Given data ->
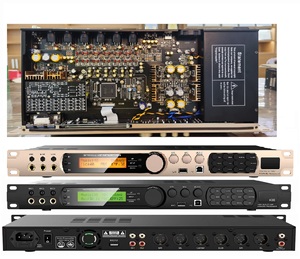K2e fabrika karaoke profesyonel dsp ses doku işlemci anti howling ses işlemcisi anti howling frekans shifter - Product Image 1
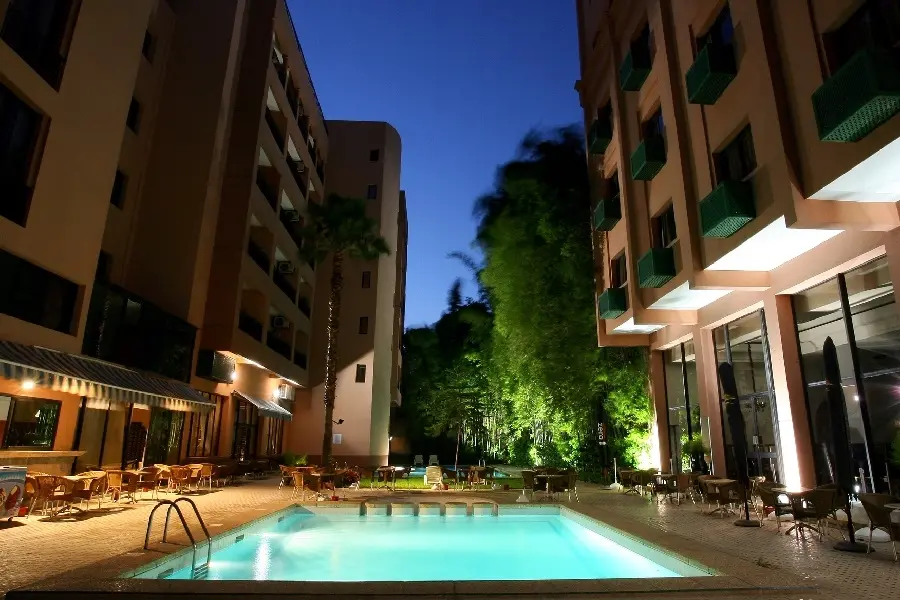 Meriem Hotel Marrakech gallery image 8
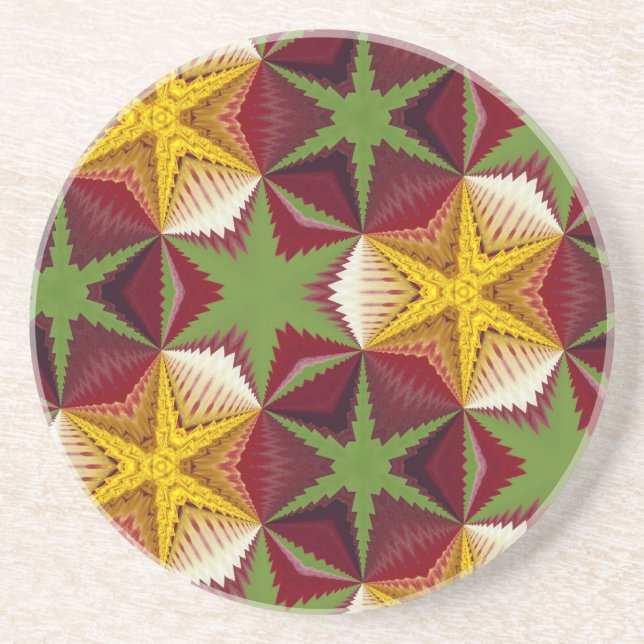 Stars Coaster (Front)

--

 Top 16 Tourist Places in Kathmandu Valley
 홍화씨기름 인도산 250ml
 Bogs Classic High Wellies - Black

Task brief ->
Retype the entries above exactly, but only from the line containing "Top 16 Tourist Places in Kathmandu Valley" through the line containing "Bogs Classic High Wellies - Black", both included.

Exercise response ->
 Top 16 Tourist Places in Kathmandu Valley
 홍화씨기름 인도산 250ml
 Bogs Classic High Wellies - Black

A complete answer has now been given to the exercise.